Awaiting Python

Meeshkan ML
8 min readNov 27, 2018

--

Python officially introduced async/await back in Python 3.4. However, the original asyncio developers were not part of the documentation process, leading to a plethora of awaitable questions.

Writing documentation for code you didn’t write yourself it always a tedious process. Unfortunately, more often than not, it also leads to bad documentation. Even Guido van Rossum shared his feelings about the lacking documentation for the asyncio module.

Some background

A lot has changed since the original, “provisional” API released in Python 3.4 (back in 2013!).
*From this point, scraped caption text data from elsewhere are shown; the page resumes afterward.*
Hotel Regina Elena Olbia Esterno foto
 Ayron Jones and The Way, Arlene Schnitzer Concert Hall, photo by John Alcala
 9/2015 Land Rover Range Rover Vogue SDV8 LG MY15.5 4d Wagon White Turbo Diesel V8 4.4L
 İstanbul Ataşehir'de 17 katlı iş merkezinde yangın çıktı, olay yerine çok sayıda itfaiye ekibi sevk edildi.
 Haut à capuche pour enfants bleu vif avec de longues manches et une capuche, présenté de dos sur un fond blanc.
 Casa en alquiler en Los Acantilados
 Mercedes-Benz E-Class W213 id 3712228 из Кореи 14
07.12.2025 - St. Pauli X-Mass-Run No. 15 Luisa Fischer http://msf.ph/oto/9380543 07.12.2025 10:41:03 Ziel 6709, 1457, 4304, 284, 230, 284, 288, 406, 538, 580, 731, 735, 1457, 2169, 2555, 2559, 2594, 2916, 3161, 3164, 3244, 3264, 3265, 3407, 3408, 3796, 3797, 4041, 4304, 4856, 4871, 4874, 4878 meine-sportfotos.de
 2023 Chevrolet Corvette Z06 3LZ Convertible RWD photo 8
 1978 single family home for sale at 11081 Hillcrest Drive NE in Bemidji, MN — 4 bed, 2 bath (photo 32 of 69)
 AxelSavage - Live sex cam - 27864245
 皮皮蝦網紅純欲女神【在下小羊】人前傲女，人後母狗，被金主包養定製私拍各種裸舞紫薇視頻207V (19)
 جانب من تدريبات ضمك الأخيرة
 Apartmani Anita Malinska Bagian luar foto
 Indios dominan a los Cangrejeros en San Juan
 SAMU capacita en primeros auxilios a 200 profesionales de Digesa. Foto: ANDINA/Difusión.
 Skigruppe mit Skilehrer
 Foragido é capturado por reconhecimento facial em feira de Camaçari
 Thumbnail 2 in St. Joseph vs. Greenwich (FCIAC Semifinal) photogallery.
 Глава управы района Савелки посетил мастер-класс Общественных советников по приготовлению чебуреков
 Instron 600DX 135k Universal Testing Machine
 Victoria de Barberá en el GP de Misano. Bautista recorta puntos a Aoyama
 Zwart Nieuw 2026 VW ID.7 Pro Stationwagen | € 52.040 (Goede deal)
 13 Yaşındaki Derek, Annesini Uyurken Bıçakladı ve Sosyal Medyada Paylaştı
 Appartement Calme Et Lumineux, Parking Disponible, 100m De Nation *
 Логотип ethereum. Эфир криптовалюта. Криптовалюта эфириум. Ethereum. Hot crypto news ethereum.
Without going too much into details, the library was made an official part of Python in version 3.5, and was (is) continuously updated and upgraded with each new release. Unfortunately, backward compatibility means that there are also a bucket-load of misnomers. In turn, this leads to articles such as “I don’t understand Python’s Asyncio”, or “I’m too Stupid for AsyncIO”.

While not without its drawbacks, asyncio has proven as an important tool for us at Meeshkan. What troubled me, is that in our dev team, I’m probably the one with the least expertise in JavaScript. I come from a machine learning background, from low-level C and OS methodologies. Naturally, when my colleagues were talking about Futures, Promises, and awaiting them, I lowered my head and just took it as “oh well, some web talk again”.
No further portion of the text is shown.